Par déclaration du 08 août 2023, la S.A.S. Lab'Science Aquitaine et la S.A.S. Saita Entreprise ont interjeté appel du jugement.
Par exploit de commissaire de justice en date du 14 août 2023, la S.A.S. Lab'Science Aquitaine a fait assigner M. [W] [D] et Mme [I] [F] épouse [D] (les époux [D]) devant la juridiction du premier président de la cour d'appel de Bordeaux, statuant en référé, aux fins de voir arrêter l'exécution provisoire du jugement rendu le 20 juillet 2023 par le Tribunal de commerce de Bordeaux et de les voir condamnés à lui payer la somme de 3.000 euros au titre de l'article 700 du Code de procédure civile, outre les entiers dépens.

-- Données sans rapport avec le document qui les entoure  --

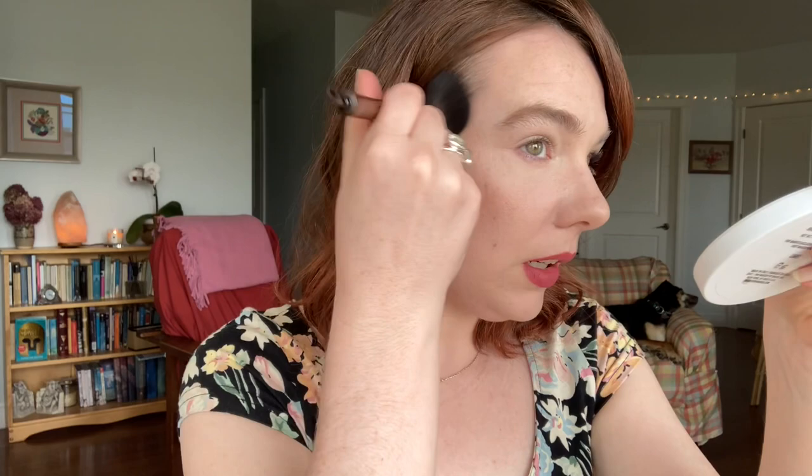Which is great for a bronzer, because so often those of us with very fair skin have to be very, very careful with bronzer application. It's a nice matte finish — I don't think it's a luminous matte or anything like that, just pretty straightforwardly matte, but it doesn't look drying. Very nice and lightweight.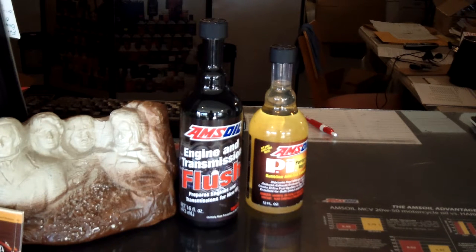All right, I got another segment here. This is Chess Cain with Synthetic Warehouse and oilordering.com. I better give our phone number too: 800-579-0580.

Par conclusions du 29 septembre 2023, soutenues à l'audience, elle maintient ses demandes.
Elle soutient qu'il existe des moyens sérieux de réformation en ce que le premier juge n'a pas restitué aux faits de dissimulation des contentieux existants leur exacte qualification juridique de dol, qu'en outre l'erreur tirée du dol n'a pas à être excusable, que les audits ont été réalisés sur la foi des comptes certifiés par le commissaire aux comptes de la S.A.S. Saita Entreprise, qu'en conséquent elle ignorait légitimement l'existence d'impayés au moment de l'achat, contrairement aux cédants.
Elle explique par ailleurs que les cédants, en leur qualité de professionnels, avaient nécessairement connaissance du risque important de se voir imputer des pénalités de retard par la société NACARAT stipulées dans le CCAP du marché, lequel a d'ailleurs été réceptionné près d'un an après la date initialement prévue, et qu'ils ont été mis en demeure de s'exécuter à trois reprises par la société FGA.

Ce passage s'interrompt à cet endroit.